Exercise directions:
The answer is an exact repeat of the entries below, with the pictures omitted.

Data in this exercise:
——————
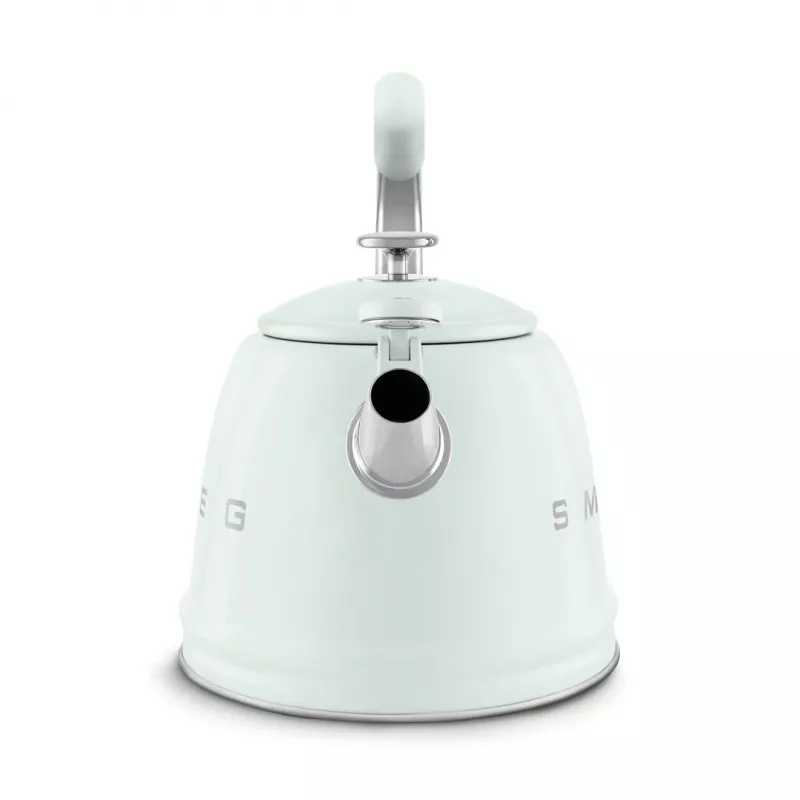 Smeg czajnik w stylu lat 50. WKF01PG pastelowy zielony 1,7 l 3000 W stal nierdzewna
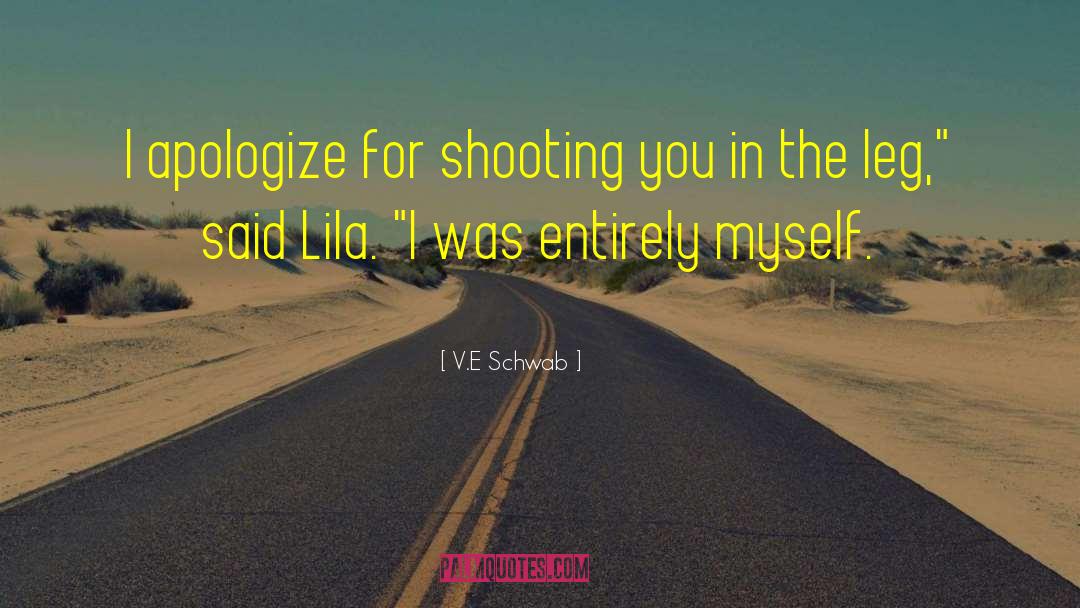 2011 Tucson Shooting quotes by V.E Schwab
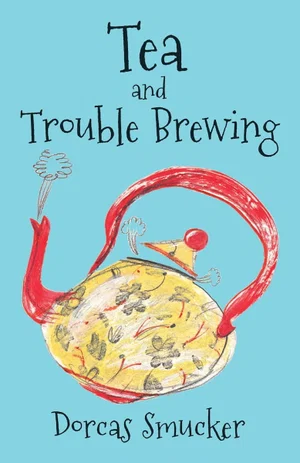 Tea and Trouble Brewing Paperback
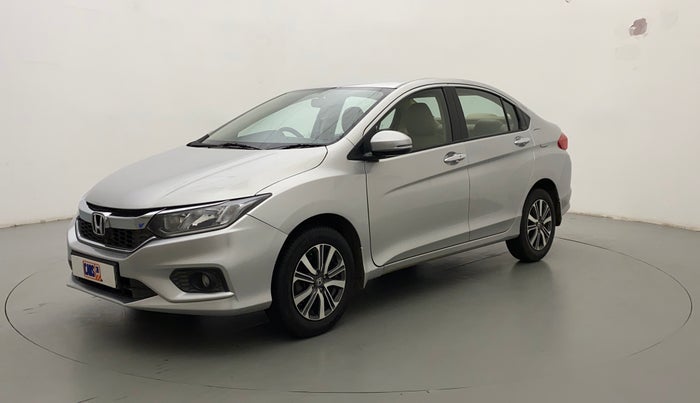 2017 Honda City 1.5L I-VTEC V MT, Petrol, Manual, 88,572 km, Left Front Diagonal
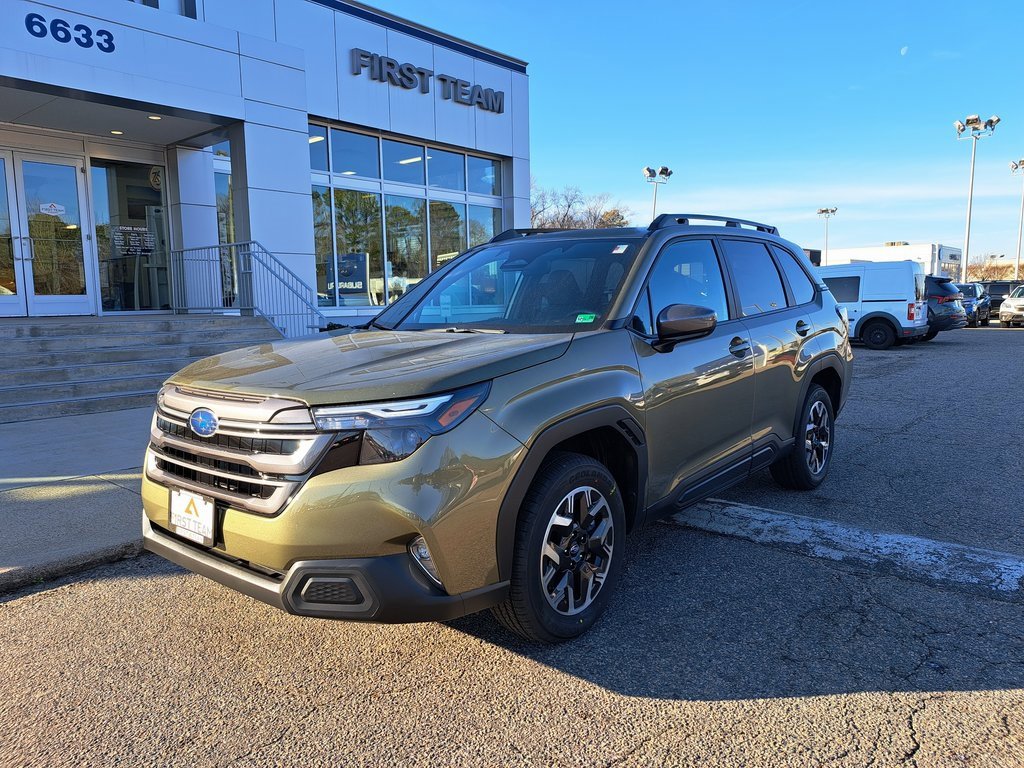 New 2026 Subaru Forester Premium image 2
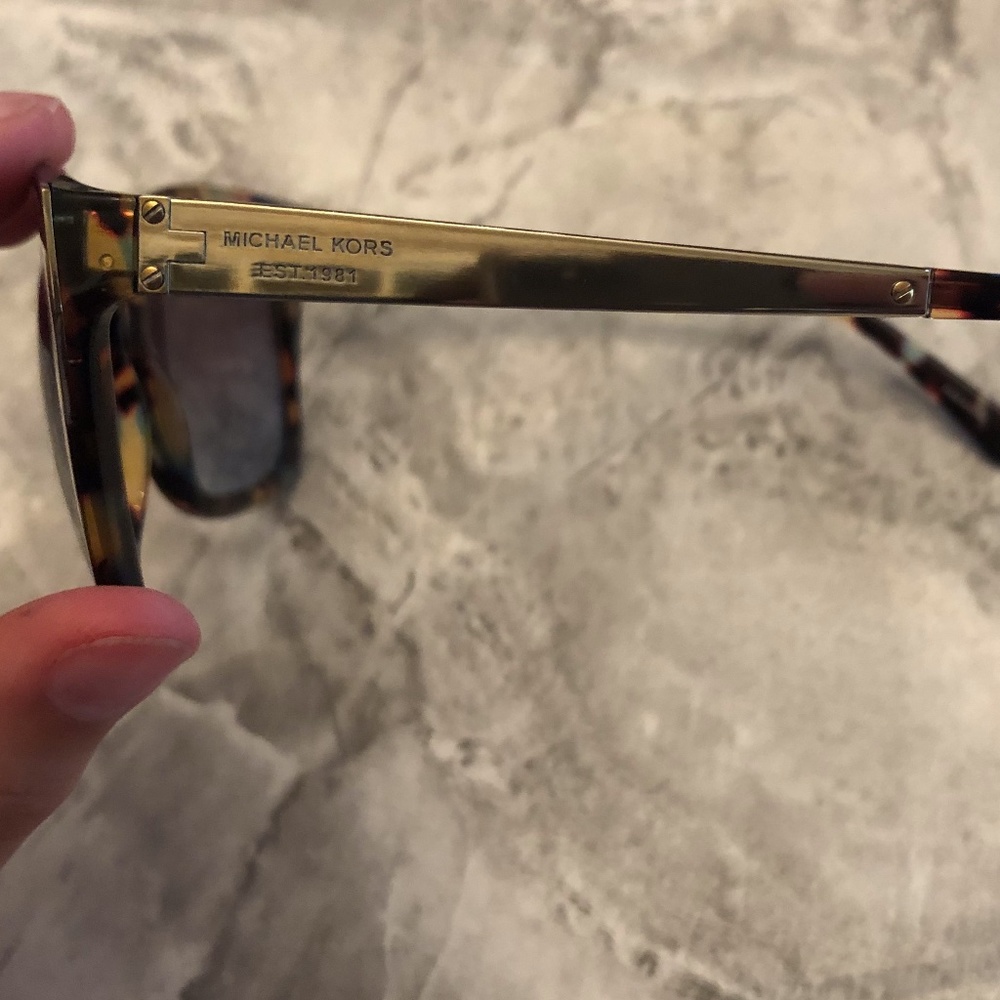 New Michael Kors 2006 Taormina Women Sunglasses - Picture 5 of 5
——————
Answer:
 Smeg czajnik w stylu lat 50. WKF01PG pastelowy zielony 1,7 l 3000 W stal nierdzewna
 2011 Tucson Shooting quotes by V.E Schwab
 Tea and Trouble Brewing Paperback
 2017 Honda City 1.5L I-VTEC V MT, Petrol, Manual, 88,572 km, Left Front Diagonal
 New 2026 Subaru Forester Premium image 2
 New Michael Kors 2006 Taormina Women Sunglasses - Picture 5 of 5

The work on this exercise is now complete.